In Ó Gráda’s nice phrase, the Litvak emigration to Ireland was then a “tributary” of the great movement of Eastern European Jews westward, for some to what they called ‘England-Ireland’, for some to Palestine and for many more to Europe and America. The Jews and the Irish would arrive and settle in the larger cities of the United States, forming dense urban communities. Both the Irish and the Jews would form powerful political constituencies; the Irish would shape the Democratic Party through their ‘machine politics’ whose roots lay in the Irish slums of Boston, New York and Chicago where clientalism and collaboration were keys to survival and advance. Jewish entrepreneurial skill and general erudition would see them rapidly advance economically, academically and socially, providing the means for political influence.
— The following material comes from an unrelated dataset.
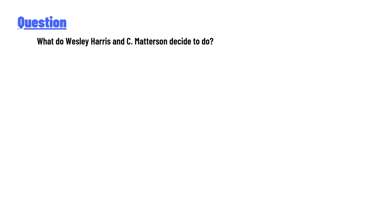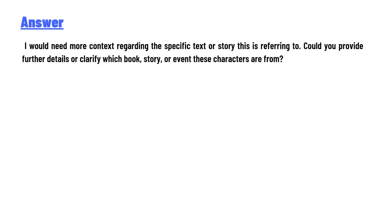What do Wesley Harris and C. Matterson decide to do? The answer to the question is: I would need more context regarding the specific text or story this is referring to. Could you provide further details that clarify which book, story, or event these characters are from? So that's the correct answer of the question. If you have any question,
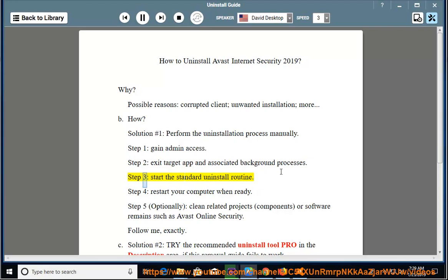Step 3: Start the standard uninstall routine. Step 4: Restart your computer when ready.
The highpoint for the Irish was John F. Kennedy’s election as President but thereafter as the Irish dispersed to the suburbs the famed Irish American political machine would disintegrate and with it direct political influence, though it would be re-animated among Irish American leaders for a time by the conflict in Northern Ireland. The affinity for Ireland, if not the organization that once characterized it in the late 19th and early 20th century, however remains resilient and enduring in Irish America. Organized Jewish political influence remains famously strong in the US, animated in great part by the deep desire to support Israel.
Perhaps some of the Jews who left Lithuania sensed the darkening mood as anti-Semitism began to get a foothold in European thought at the end of the 19th century, gathering a fateful pace in the opening decades of the 20th. For most, the decision to leave was simply a search for a better life. They could not have known how fortuitous the decision to emigrate would prove to be. Nor could those who stayed behind imagine that extinction awaited them. Of some 210,000 Lithuanian Jews alive there in 1939, 93% or up to 196,000 would be murdered by the Nazis and their collaborators, most of them in a concentrated period of butchery during the second half of 1941.
Thanks to Irish neutrality, the Litvaks in Ireland escaped World War II, though some German bombs fell in their neighbourhood (thanks to the heavy clay of South Dublin, the bombs did little damage). Had the Nazis made good on their plans to invade Ireland their fate would have been sealed. In fact, the only Irish born Jew to die in the Shoah was Ettie Steinberg whose mistake was to marry and move to Belgium where she and her family, including her young son, were rounded up and transported to Auschwitz, one day before visas from her family in Dublin for safe passage to Ireland were delivered.